Postby juha_tp » Sat Nov 10, 2018 9:17 am

KG_is_back wrote:
juha_tp wrote:Ruby seem to support multithreading so, is it possible to use this feature in drawing routine ... i.e. bypass incoming triggers until current frame is fully drawn ?

Ruby "seem" to support multithreading. Th threads in ruby are "fake" threads. As far as system is concerned, there is actually only 1 real thread that the ruby is executed on, from your operating system's point of view. The threads in ruby are implemented internally in the interpreter. While it is technically possible to bypass incoming threads and thus preferring one ruby thread over others, there is no way to sync up ruby with the frames of your monitor - OS simply does not provide that kind of information to flowstone, AFAIK (really hope someone proves me wrong).

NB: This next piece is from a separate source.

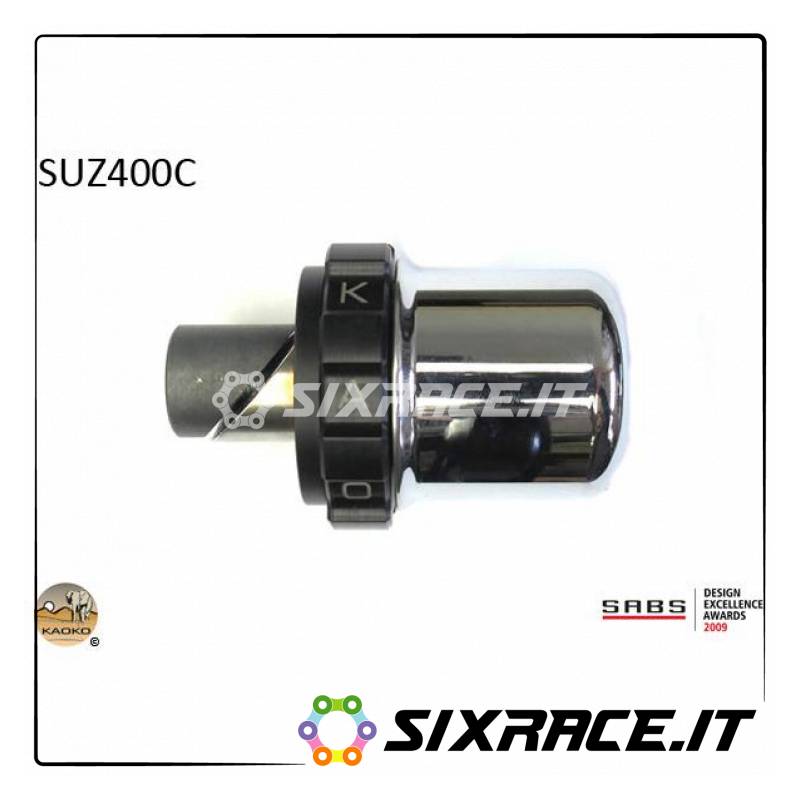 KAOKO stabilizzatore manubrio con cruise control - SUZUKI AN650 Burgman Deluxe/E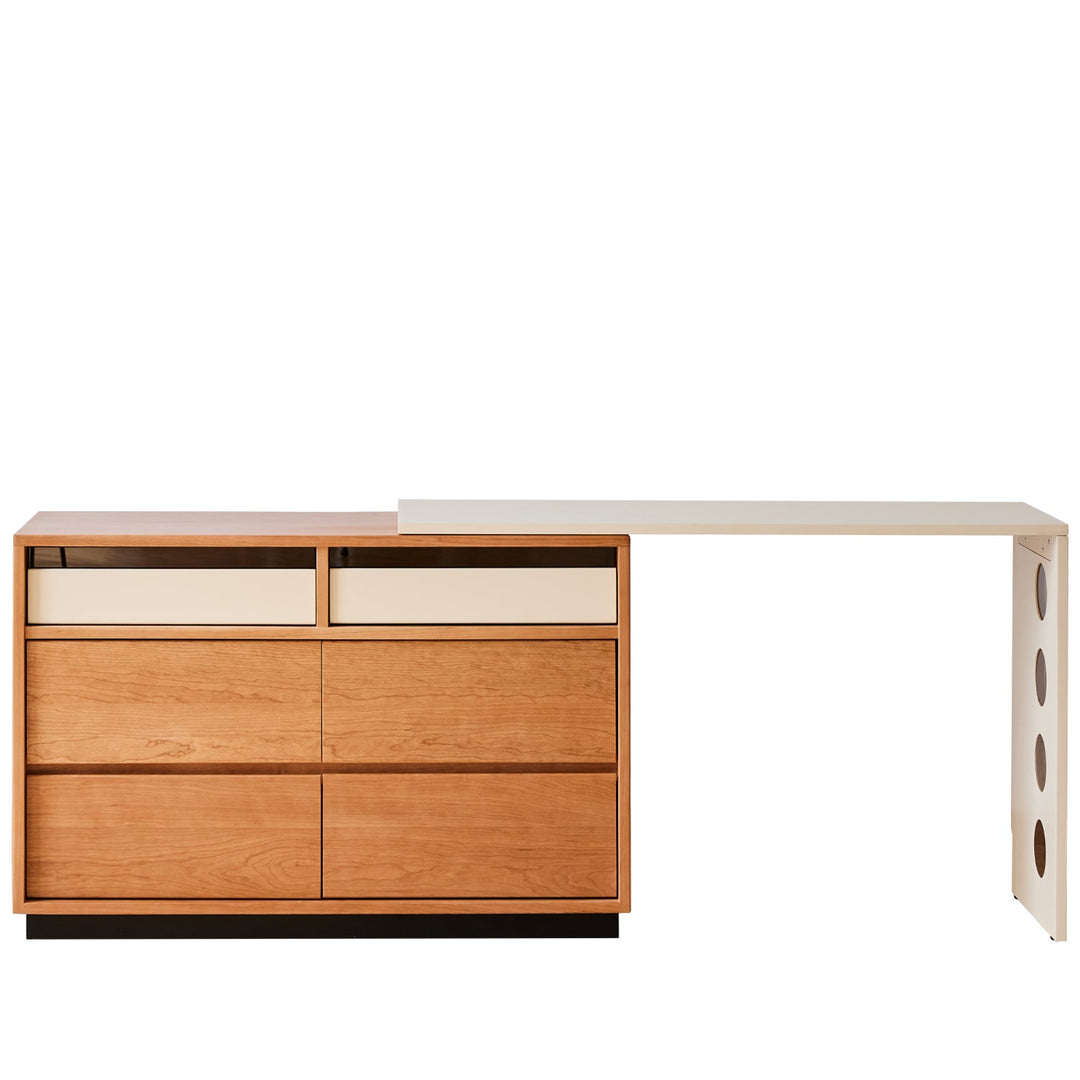 Scandinavian Cherry Wood Dressing Table TIMELESS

Hmm... IMO, what I suggested should work with any type of multithreading system ... it's the mechanism that matters here.
Without some "gating" system you try to draw all those triggered frames (could be 1000's / second ... depends on implementation ofcourse) which usually leads to visible malfunction because of disturbed drawing process ... with "gating" the drawing process you draw only those frames which are triggered right after drawing of previously allowed frame finished (i.e. you just skip those frames which are triggered while drawing ongoing) and the last triggered frame.

Have you tried already if this method is possible in Ruby?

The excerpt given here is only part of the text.